On Wednesday, the Andhra Pradesh government told the Supreme Court that it will be able to conduct Class 12 exams successfully. It said that there are no reliable alternatives to evaluate the students and informed the court that it will most likely hold the Intermediate second year examination in July last week and the timetable would be issued shortly.
The SC bench asked the standing counsel for the state, Mahfooz A Nazki, to present in court the “snapshot of the file” giving reasons to hold the test.
The top court flagged its specific concern over accommodating 5,19,510 students in classrooms for the exams and said the Andhra government says one class will have a maximum of 15 to 18 students. “If we go by your figure then for 15 students per class, you will need 34,644 rooms and if we take 18 students per class then you will need 28,862 rooms. Tell us from where you get all these rooms,” the bench said. It told Nazki, “Don’t hold examinations for the sake of examination. It is not only 5 lakh students giving the examination, more than a lakh people will be involved in the process including 34,000 supervisors for each room. You have to think about their health and safety also.

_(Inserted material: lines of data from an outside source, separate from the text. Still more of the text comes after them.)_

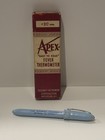 Vintage Apex Fever Thermometer  317 Safety - Blue Case Mass General Hospital  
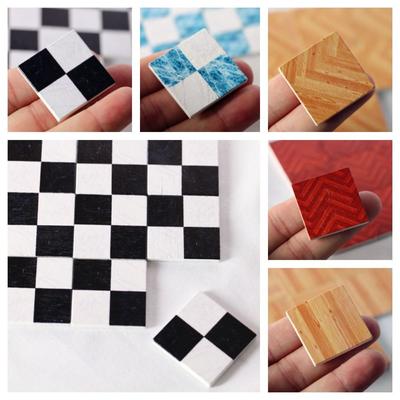 9 peças/conjunto de brincadeira de faz de conta 1:01/06:12 Móveis para Casa de Bonecas Acessórios para Casa de Bonecas Azulejo Cerâmico Quadrado DIY Miniatura Brinquedos Educativos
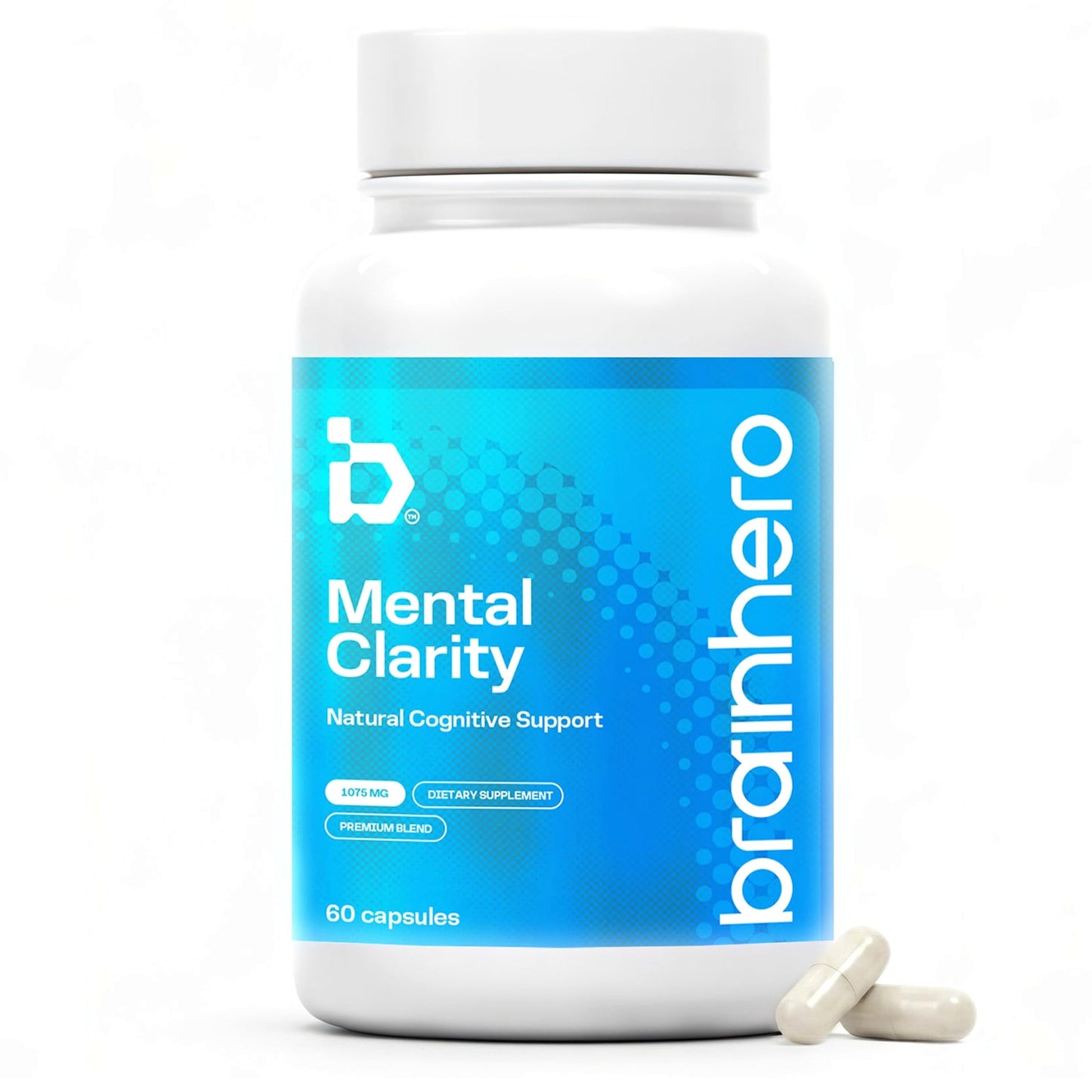 Brain Hero Natural Cognitive Health Support Vegan Capsules, 60 Count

“The state should keep in mind the second Covid wave’s impact and how fast it unfolded and how it will cope if it is hit by the third wave. “Do you have any contingency plans? If you are hit by a third wave or if there is any unwarranted situation how will you deal with it? We have not seen any such thing on your affidavit. No one is here to prove anything. You must have thought about something about the health and safety of students and teachers,” the bench said.
Nazki said the problem that lies is that in Class 10, students are given only grades and there is no mechanism to evaluate the students.
“We understand your difficulty that converting grades to marks or evaluating the students will be a problem. But every problem has ten solutions. You talk about experts. You can talk to UGC, CBSE, CISCE or other States and experts and devise a formula. Many states had problems but they have decided to cancel the examinations,” the bench said.
The top court also pointed out that the Andhra government has not mentioned a timeline for the exams or results and asked the state to specify it to avoid any uncertainty in the minds of students. “You cannot keep things uncertain. If you want to hold the examination we want a concrete plan by tomorrow. We want to know what your COVID protocol management is and how you are going to implement it. You must know that first and second COVID are different and as per experts the third wave will also be different. Alerts have been sounded in Madhya Pradesh, Maharashtra and Kerala for Delta variant,” the bench said. The top court asked Nazki to file an affidavit by Friday giving the complete plan and convince the court that it has the entire necessary wherewithal to deal with any exigencies.
On June 17, the top court was informed that out of 28 states, six have already conducted the board exams, 18 have cancelled them, but four states (Assam, Punjab, Tripura and Andhra Pradesh) have not cancelled them as of now.